The naira slipped marginally against the U.S. dollar on Thursday in Nigeria’s official foreign‑exchange market. The Central Bank of Nigeria reported a closing rate of N1,370.89 per dollar, up from N1,370.56 the day before – a modest day‑to‑day depreciation of N0.33.
Across the parallel black‑market platform, the currency held steady at N1,395 per dollar, a level that has persisted since Monday.
The divergent movements come even as Nigeria’s foreign‑exchange reserves have risen, reaching $48.51 billion as of mid‑May. The increase in reserves suggests a healthier external position, yet it has not translated into a stronger official naira rate.

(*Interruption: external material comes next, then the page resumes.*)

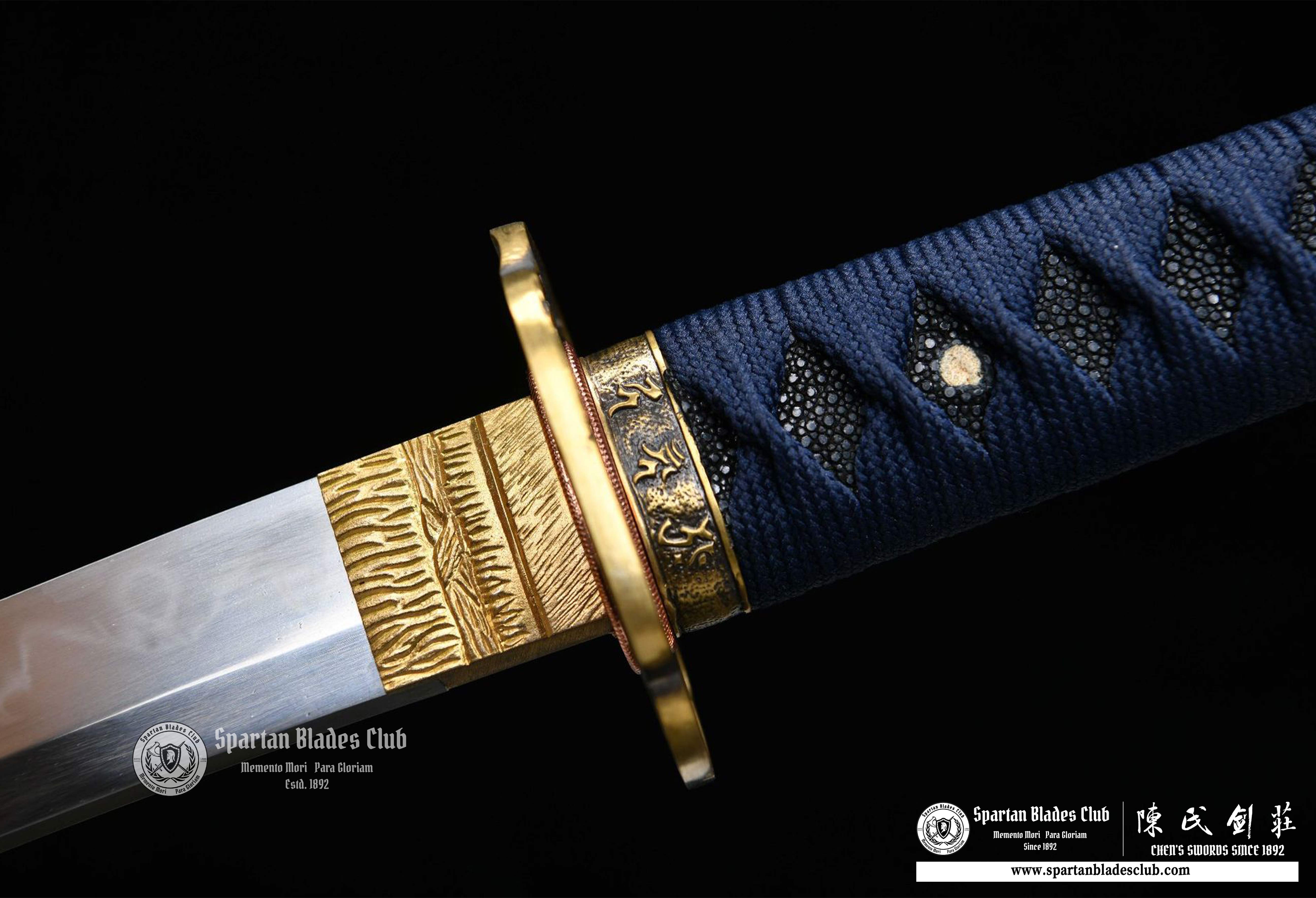 Wakazashi \T10 steel Clay-tempered \ Brass-made Fittins \ Autentic ray-skin \ Blue \ Battle-ready - Spartan Blades Club - 陳氏劍莊1892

Earlier in the week the official rate had briefly appreciated, underscoring the volatility that continues to characterize Nigeria’s currency markets. Traders and businesses remain attentive to policy cues from the central bank, especially regarding its ongoing interventions to stabilise the naira and manage dollar scarcity.
Analysts note that the modest shift in the official rate reflects a balance between market pressures and the central bank’s reserve‑building strategy. While the black‑market price remains unchanged, the official market’s slight weakening may foreshadow future adjustments, depending on inflows, monetary policy decisions, and regional economic trends.
For now, the naira’s limited depreciation against the dollar signals a cautious market environment where both official and parallel rates are closely watched by investors, importers, and policymakers alike. Observers will monitor forthcoming central‑bank actions and external developments for signs of a more decisive direction in Nigeria’s currency trajectory.